But there is a flip side too.
“Reports indicate that approximately 2.2 million litres of water are needed to produce one tonne of lithium. Further, mining in the unstable Himalayan terrain is fraught with risks,” cautioned Saleem H. Ali, distinguished professor of Energy and the Environment at the University of Delaware.
Lithium mining in Chile, Argentina and Bolivia, for instance, has led to concerns over soil degradation, water shortages and contamination, air pollution and biodiversity loss.
“This is because the mining process is extremely water-intensive, and also contaminates the landscape and the water supplies if not done in a sustainable method,” Ali said.
According to the US Geological Survey (USGS), about a fourth of the Earth’s known lithium deposits (88 million tonnes) would be economical to mine, said Charith Konda, energy analyst, Electricity Sector at at US-based Institute for Energy Economics and Financial Analysis (IEEFA).
“Applying this benchmark, India could probably economically extract 1.5 million tonnes of lithium from the 5.9 million tonnes discovered in preliminary studies,” Konda told PTI.

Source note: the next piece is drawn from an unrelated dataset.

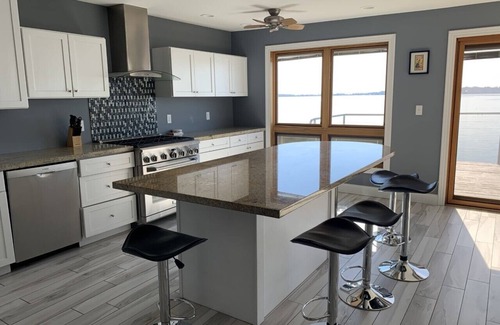 Clear Lake Casa | Modern lakefront 3BD/3BR house breathtaking views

Economically here would mean that the resources and technology used to extract will give good return in terms of usage of the resource.
“India has a vision of increasing the share of electric vehicle sales to 30 per cent in private cars, 70 per cent in commercial vehicles, 40 per cent in buses, and 80 per cent in two- and three-wheelers by 2030. In absolute numbers, this could translate to 80 million EVs on Indian roads by 2030,” Konda said.
The battery pack of an average electric car, he explained, requires 8 kg of lithium. By this metric, India’s economically extractable lithium reserves should be enough to power 184.4 million electric cars.
Currently, India is import dependent for several elements such as lithium, nickel and cobalt. Ministry of Commerce data shows that India spent around Rs 26,000 crore importing lithium between 2018-2021.
In 2021, preliminary surveys by Atomic Minerals Directorate for Exploration and Research (AMD) showed the presence of lithium resources of 1,600 tonnes in Mandya District in Karnataka. However, there has been no report of mining the resource till date.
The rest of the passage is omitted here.